## [Problem description]
Your task is to transcribe the records exactly, skipping every image.

(Short web captions)
··········

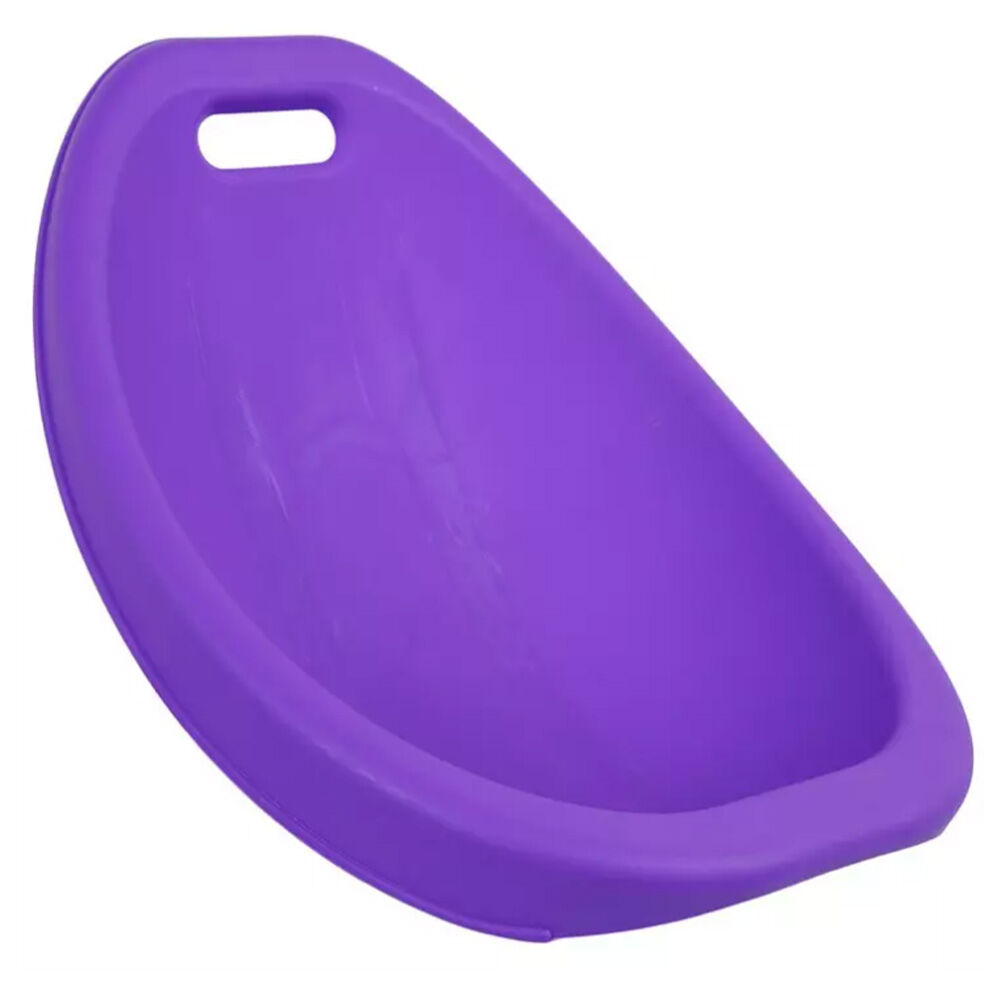 image of Assorted Kid's Scoop Rocker (Color May Vary)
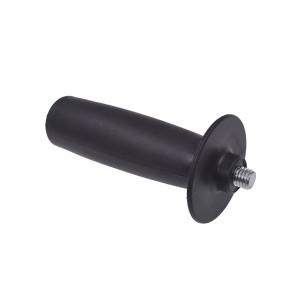 DCA Angle Grinder ASM180A Auxiliary Handle (M14 External Thread)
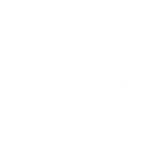 NAVRAJ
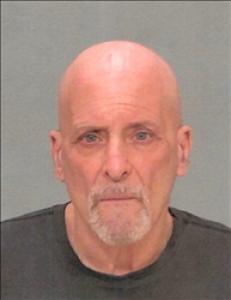 Frank Canonico a registered Sex Offender of Nevada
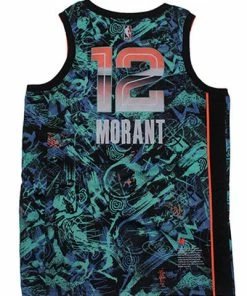 Nike shoes-shop -Nike shoes-shop 1 8c46f5b1 397c 42f1 8baf f15837002d47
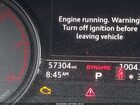 2019 Audi S4 3.0t Premium Black vin: WAUB4AF4XKA080866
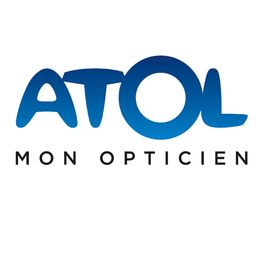 Atol Mon Opticien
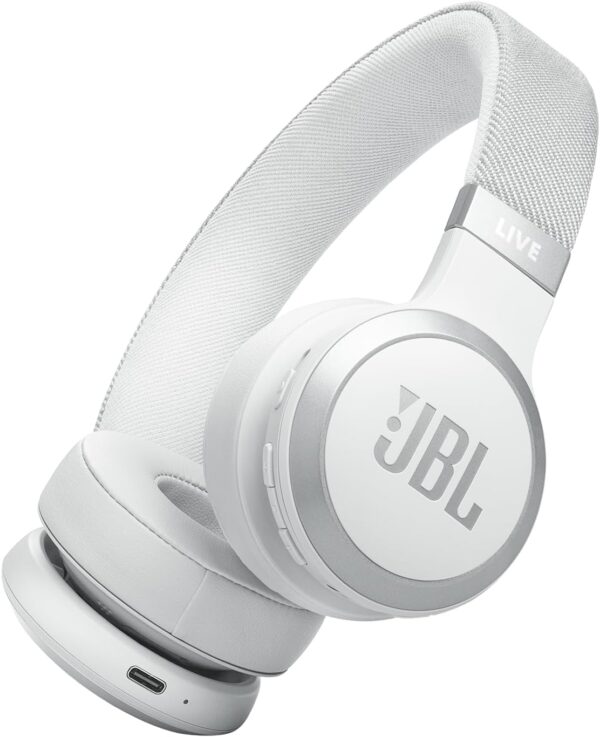 JBL Live 670NC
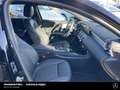 Mercedes-Benz A 180 A 180 Progressive Adv.Plus Night Key Kam Led Amb Schwarz - thumbnail 9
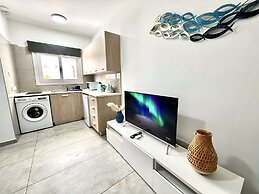 33 AN - Stay Napa Ocean Apartment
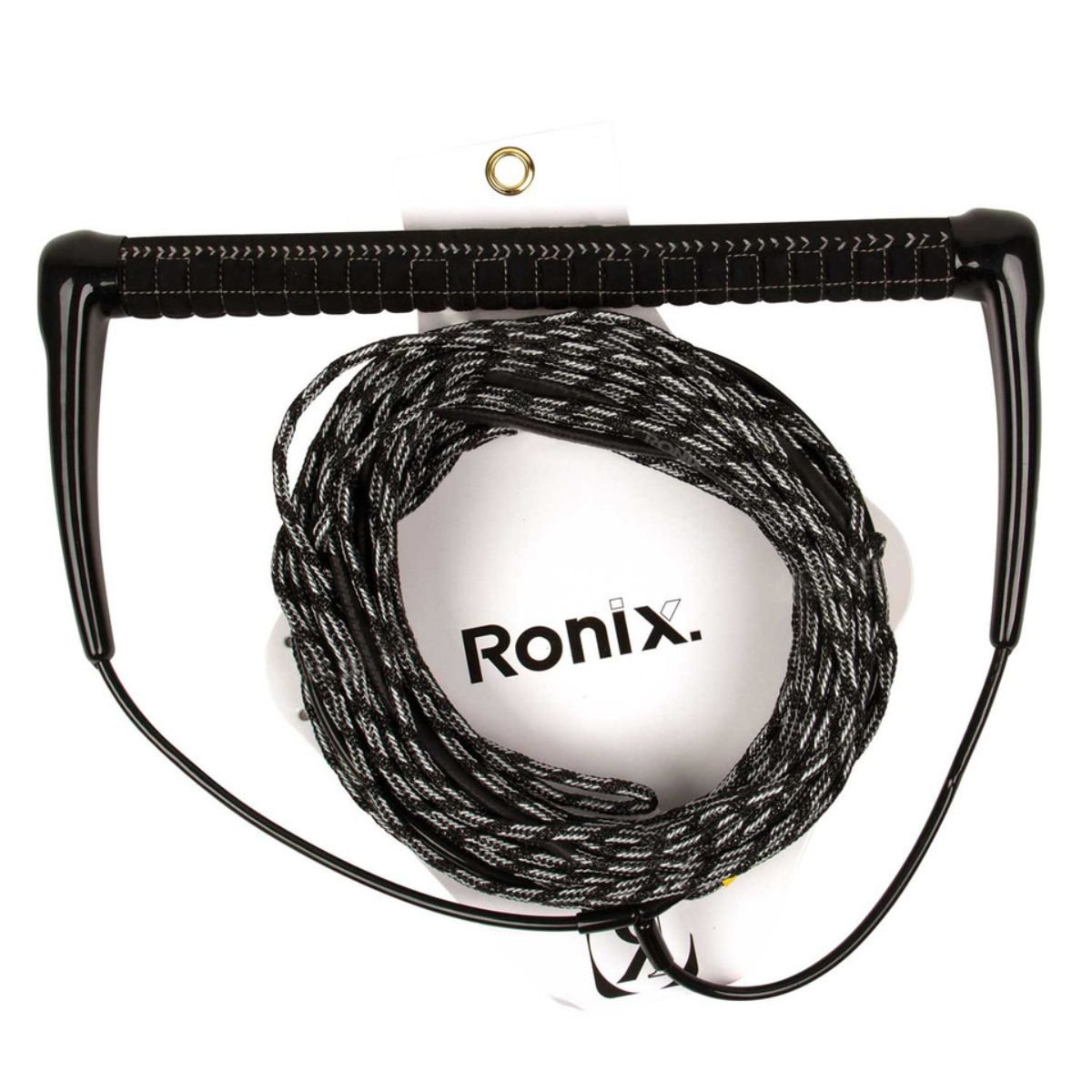 Ronix Combo 4.0 Wakeboard Rope and Handle Package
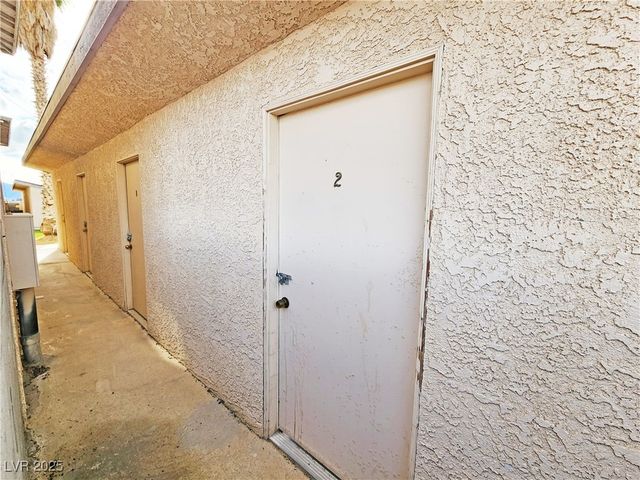 1444 Star Road 2, Pahrump, NV 89048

··········

## [Expected answer]
 image of Assorted Kid's Scoop Rocker (Color May Vary)
 DCA Angle Grinder ASM180A Auxiliary Handle (M14 External Thread)
 NAVRAJ
 Frank Canonico a registered Sex Offender of Nevada
 Nike shoes-shop -Nike shoes-shop 1 8c46f5b1 397c 42f1 8baf f15837002d47
 2019 Audi S4 3.0t Premium Black vin: WAUB4AF4XKA080866
 Atol Mon Opticien
 JBL Live 670NC
 Mercedes-Benz A 180 A 180 Progressive Adv.Plus Night Key Kam Led Amb Schwarz - thumbnail 9
 33 AN - Stay Napa Ocean Apartment
 Ronix Combo 4.0 Wakeboard Rope and Handle Package
 1444 Star Road 2, Pahrump, NV 89048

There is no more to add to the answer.